Rwanda : la justice française se rappelle de la veuve Habyarimana
Agathe Kanziga, 78 ans, la veuve de l’ex-président rwandais Juvénal Habyarimana - dont la mort dans un attentat, le 6 avril 1994, avait été le signal de déclenchement du génocide que son régime avait préparé - a été entendue mardi par un juge d’instruction du tribunal de Paris chargé d’instruire une information judiciaire à charge de Paul Barril pour “complicité de génocide”.
Publié le 04-11-2020 à 16h14
:focal(1275x858.5:1285x848.5)/cloudfront-eu-central-1.images.arcpublishing.com/ipmgroup/FQK7VYYYP5FV3P63DMSGWHG4JM.jpg)
Cet ancien gendarme de l’Elysée sous François Mitterrand s’était reconverti dans la sécurité de chefs d’Etat africains. Une enquête a été ouverte contre lui en 2013 sur plainte d’ONG, pour un contrat de conseil et de formation militaire avec le gouvernement génocidaire, alors sous embargo international, contrat que Barril conteste.
Selon l’AFP, le juge d’instruction souhaite placer Mme Habyarimana sous le statut de “témoin assisté”, intermédiaire entre témoin et inculpé, comme Paul Barril l’a été.
Seconde procédure
C’est la seconde procédure judiciaire dans laquelle la veuve est impliquée. La première, ouverte en 2008, sur plainte d’ONG, à propos de son rôle dans le génocide, avait eu pour conséquence son placement sous contrôle judiciaire en 2010, avec interdiction de quitter le territoire, et son placement sous statut de témoin assisté en 2016. Agathe Kanziga continue de vivre en France, sans titre légal.
Elle y était arrivée en avril 1994, quelques jours après l’assassinat de son mari dans un attentat contre son avion - dont les débris s’étaient écrasés dans le jardin-même de la résidence Habyarimana, à Kigali. A l’époque, cela faisait plusieurs années qu’elle était considérée, au Rwanda, comme le centre de l’“akazu” (“petite maison” en kinyarwanda), un groupe informel qui protégeait les intérêts du clan présidentiel, notamment par l’utilisation d’escadrons de la mort, avait dénoncé le dissident Christophe Mfizi.
D’une piété ostentatoire - qui lui avait valu la sympathie de Baudouin et Fabiola de Belgique - et bien qu’Agathe Kanziga ait toujours veillé à se présenter en public comme effacée et ignorante de la politique, conformément à la tradition, peu de Rwandais ignoraient sa puissance. Celle-ci dérivait de celle de la famille dont elle est issue et qui descendrait d’un de ces anciens “roitelets hutus” qui, dans le nord du pays, ont longtemps résisté au royaume tutsi de Nyanza (sud) qui dominait le pays à l’arrivée des Européens. Ses frères et cousins tenaient plus de place dans le régime que la famille du chef de l’Etat, de petite extraction.
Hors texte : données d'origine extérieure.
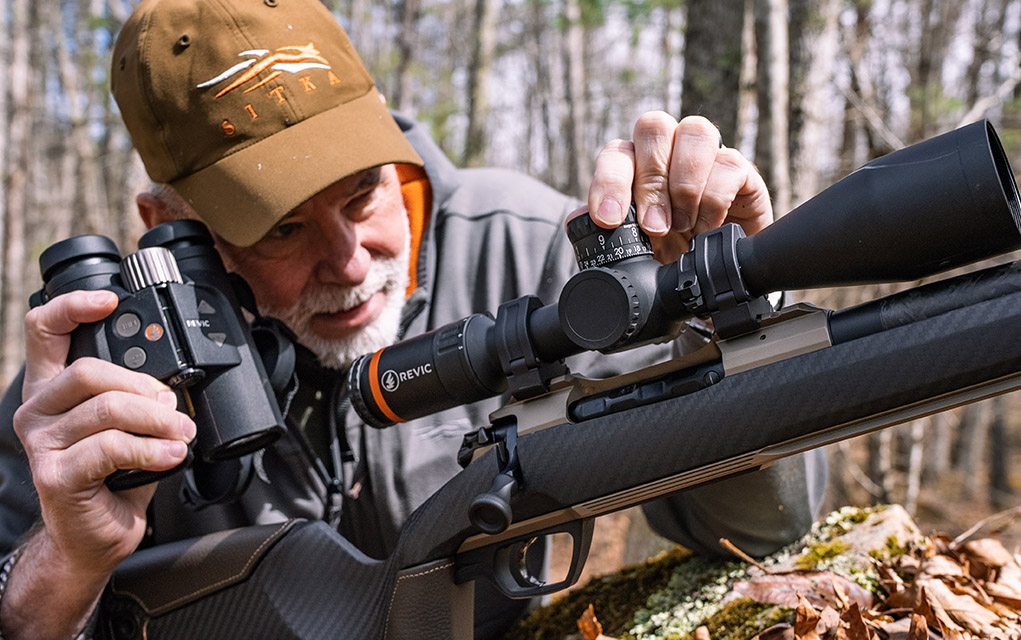 Gunwerks Nexus dialing scope
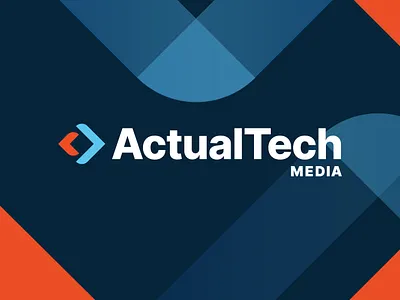 Logo & branding for ActualTech agency branding brand guidelines branding logo pattern tech logo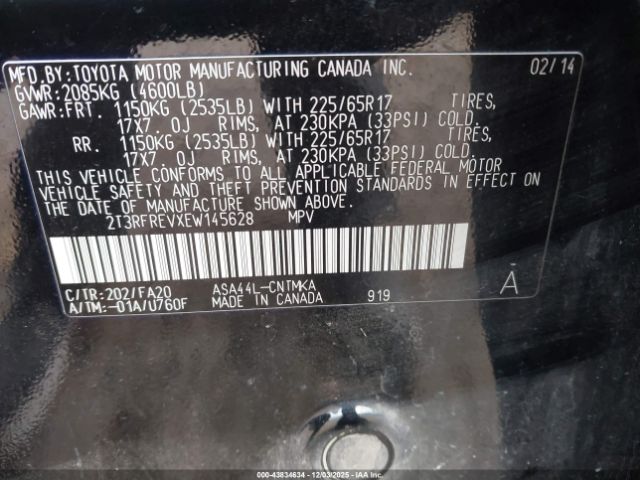 Toyota RAV4 Xle Image 2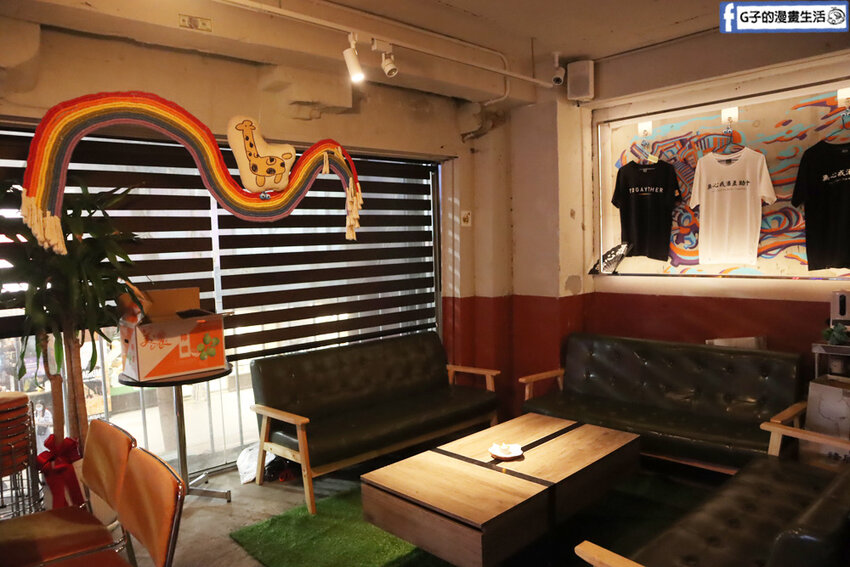 西門酒吧-Nonsense Cafe & Bar 無心戒酒互助會 武昌店.調酒.可帶外食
Selon une déclaration à la gendarmerie belge de deux filles du médecin présidentiel, lui aussi tué dans l’attentat, lors de la veillée funèbre à la résidence Habyarimana, le 6 avril 1994, Agathe Kanziga priait Dieu “d’aider les Interahamwes (NdlR: milices génocidaires) à nous débarrasser de l’ennemi”; tous ses voisins tutsis furent tués, cette nuit-là, par la garde présidentielle. Le génocide fit un million de morts en quatre mois, nommément identifiés, en majorité des Tutsis; les autres étaient des Hutus d’opposition ou ayant refusé de participer aux tueries.
L’Etat français avait exfiltré Agathe Kanziga le 9 avril et le président Mitterrand - qui avait aidé le régime Habyarimana avant le génocide et poursuivit son aide pendant et après ce dernier - lui attribua 230 000 FF sur l’aide d’urgence aux réfugiés rwandais. Cela n’empêcha pas le président français de déclarer, en juin 1994, au président de MSF, Jean-Hervé Bradol: “Elle a le diable au corps, elle veut faire des appels publics à la continuation des massacres”. La veuve s’était refusée à appeler les milices génocidaires - auprès desquelles son prestige était grand - à cesser de tuer.
“Soupçons sérieux”
La même année, elle avait quitté la France pour le Kenya, puis, en 1997, le Gabon. En 1998, elle était de retour en France, logée “aux frais de la République”, selon notre confrère Vincent Hugeux. En 2004, elle avait demandé le statut de réfugié, qui lui fut refusé trois ans plus tard; ce refus fut approuvé par le Conseil d’Etat le 16 octobre 2009 en raison des “soupçons sérieux” d’implication dans le génocide qui pesaient contre Agathe Kanziga. Elle resta néanmoins en France, toujours sans papiers. Son extradition vers le Rwanda fut refusée en 2011.